# Recorded information
[Start of Attachment]
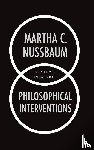 Nussbaum, Martha C. (Ernst Freund Distinguished Service Professor of Law and Ethics - Philosophical Interventions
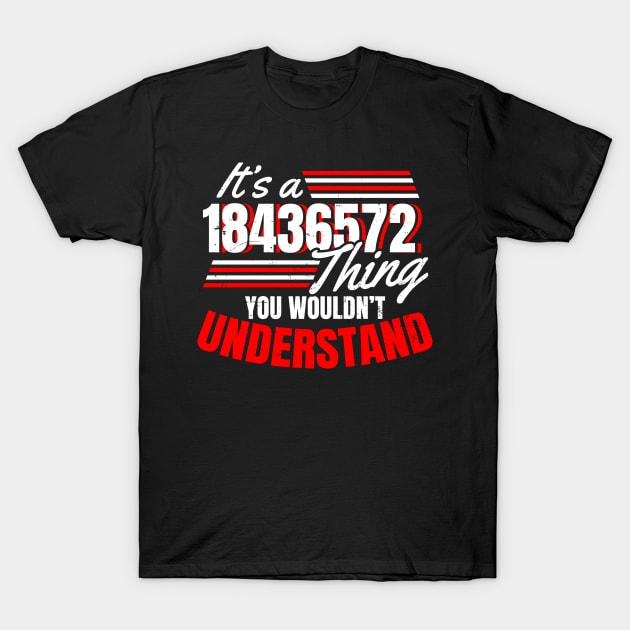 V8 Engine Shirt | It's A 18436572 Thing Gift T-Shirt by Gawkclothing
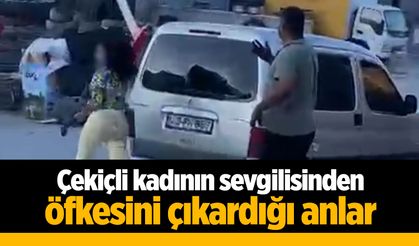Çekiçli kadının sevgilisinden öfkesini çıkardığı anlar
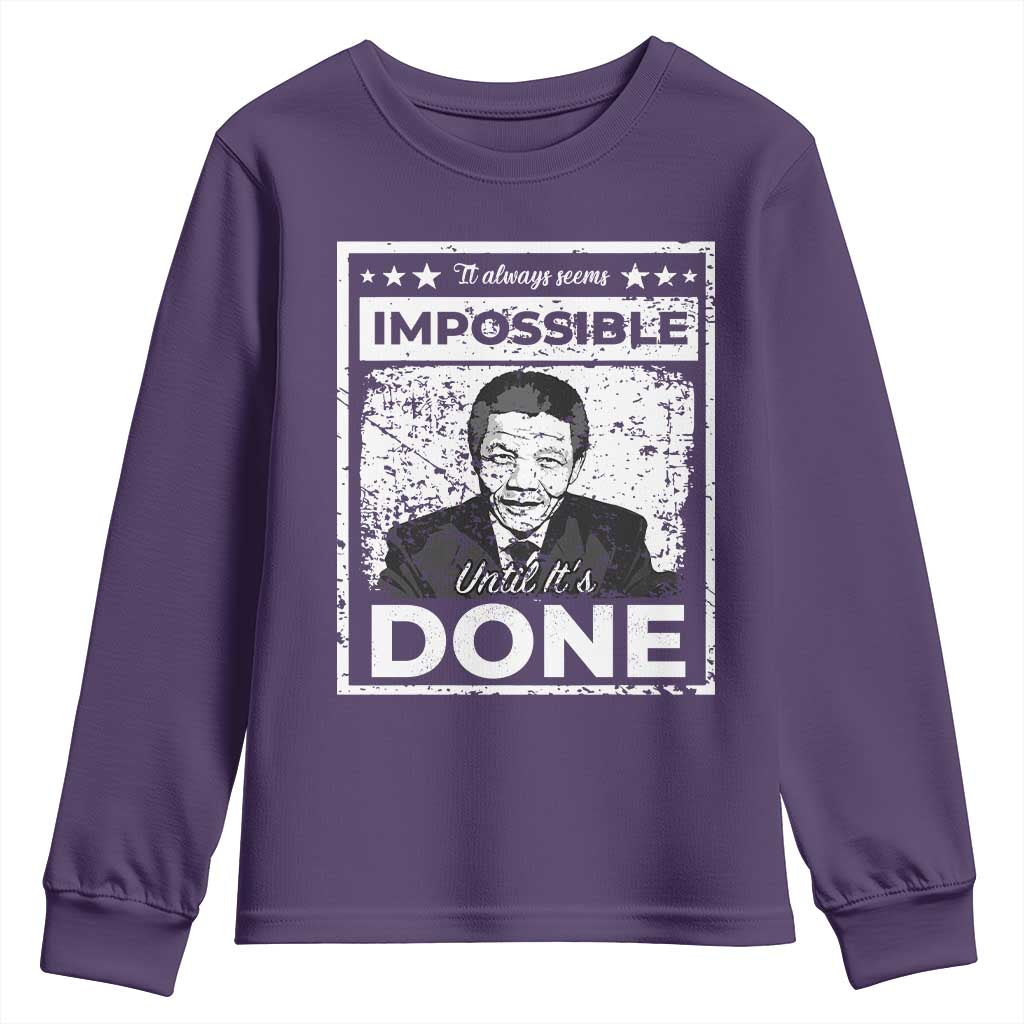 Nelson Mandela Youth Sweatshirt It Always Seems Impossible Until It's Done TS09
[End of Attachment]
# Activity
Give the data back exactly, omitting all pictures.

# Solution for this exercise
 Nussbaum, Martha C. (Ernst Freund Distinguished Service Professor of Law and Ethics - Philosophical Interventions
 V8 Engine Shirt | It's A 18436572 Thing Gift T-Shirt by Gawkclothing
Çekiçli kadının sevgilisinden öfkesini çıkardığı anlar
 Nelson Mandela Youth Sweatshirt It Always Seems Impossible Until It's Done TS09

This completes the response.